Y la escena: su padre encima, no podía imaginar a su
madre de manera distinta, eran otros tiempos, no como ahora, a Luisa le gusta
más estar encima porque así domina, su padre jadeante, la calvicie perlada de
sudor, la cara lustrosa, su madre
mirando al techo, esperando a que terminara la sesión. Veía el cuerpo en febril
funcionamiento, la emisión de líquidos, gemidos, los espermatozoides corriendo,
veloces, agitando la cola para llegar los primeros a la meta, peleándose entre
sí como animales por la presa. Se imaginó a sí mismo como un espermatozoide con
bigote, ligeramente calvo y algo barrigón corriendo desesperado hacia el óvulo
que se abría ante él excitado, sudoroso entre los líquidos vaginales que le
hacían resbalar. Sintiendo el vértigo de mirar hacia atrás, hacia el precipicio
oscuro del túnel que le llevaría de vuelta a ningún lugar, porque él ya sabría,
como saben todos los espermatozoides medianamente despabilados, que si se
pierde la oportunidad de alcanzar el óvulo no se puede regresar a la bolsa
originaria, al nido que te vio nacer y se estrellan contra la carne que los ha
expulsado, y allí se reencuentran con los compañeros caídos en la misma
carrera, avergonzados de sus fuerzas, de su agilidad, de su entereza,
soportando la ridiculez de abandonar la carga genética en cualquier lugar.

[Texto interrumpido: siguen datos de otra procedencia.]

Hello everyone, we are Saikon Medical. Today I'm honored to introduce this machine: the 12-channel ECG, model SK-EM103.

Porque él, como espermatozoide, también sabría porque siempre hay cotilleos e
infiltraciones en cualquier sociedad, que su vida podía finalizar en una mano,
en la tela olorosa de un calzoncillo, entre los dientes de una cremallera, en
un pañuelo, o lo que era peor y más denigrante: fenecer definitivamente en una
catarata jabonosa, desahuciado sin consideración de las entrañas femeninas.

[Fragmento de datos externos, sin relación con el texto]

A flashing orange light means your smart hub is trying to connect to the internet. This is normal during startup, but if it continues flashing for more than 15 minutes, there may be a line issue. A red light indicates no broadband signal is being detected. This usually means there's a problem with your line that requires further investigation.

Pero él no era de los que fracasaban. De lo contrario no
estaría ahí, tumbado sobre la cama, revolcándose en el frio erial pensando en
Luisa. Él, como espermatozoide, fue el que alcanzó su objetivo: el óvulo
dispuesto a ser perforado, ese es el sino masculino: perforar, como
infatigables mineros, para convertirse, a partir de dos gametos, en un ser
humano, el mismo que ahora padecía insomnio, el mismo que Luisa había
abandonado por sus ronquidos o porque no se quería casar. Se percibió en
perfecta comunión con el óvulo escogido aportando cada cual su carga genética,
la multiplicación de las células, el crecimiento lento y perfecto en el vientre
de su madre, flotando en la placenta, y dieron las dos en el reloj de la
iglesia cercana.
El espermatozoide había dejado de ser, no existía como
tal, el bigote lo había donado, junto con sus otros rasgos, al óvulo que lo
había acogido en su interior. Realizó el viaje iniciático al interior de su
propia creación, tal como lo había visto en televisión, como si fuera ahora una
diminuta cámara láser atravesando la bolsa de líquido amniótico, sintió en sus
carnes la humedad del fluido y dieron las tres en el despertador. Se vio crecer
y crecer con la pausa y el orden con que la naturaleza actúa, y entre tanto le
dieron las cuatro. Empezó a sentir un terrible aburrimiento porque a él lo
natural siempre le había parecido muy tedioso, lo contrario que a Luisa que era
una ecologista convencida, algo cerril para él, que se empeñaba en ir al campo
los fines de semana, con lo entretenida que era la ciudad. Al recordar los
paisajes bucólicos que Luisa le mostraba, los ojos empezaron a cerrársele y fue
cayendo en un dulce sopor sin haber modificado su anterior postura:
despanzurrado en la cama, con las piernas en aspa, los brazos abiertos, el
derecho ocupando el hueco sombrío del almohadón de Luisa y el izquierdo que
caía desmayado por el borde de la cama. No se percató de que el aburrimiento le
había alcanzado en los ojos cuando las campanadas del reloj de la iglesia daban
las seis.
Roncó como una fiera salvaje, como le recordaba Luisa
constantemente, y cuando soñaba que iba con ella paseando por el campo, cogidos
de la mano, con un ramillete de flores amarillas en la mochila, con cara de
aburrimiento, añorando la ciudad, el bullicio de la vida de sus calles, la
polución de los coches, su existencia de solitario, la paz de su casa sin
niños, los cajones sin ropa interior femenina y la cama para él solo.
Y en ese momento de inalterable felicidad, las manecillas
del reloj se unieron en un abrazo en el número siete.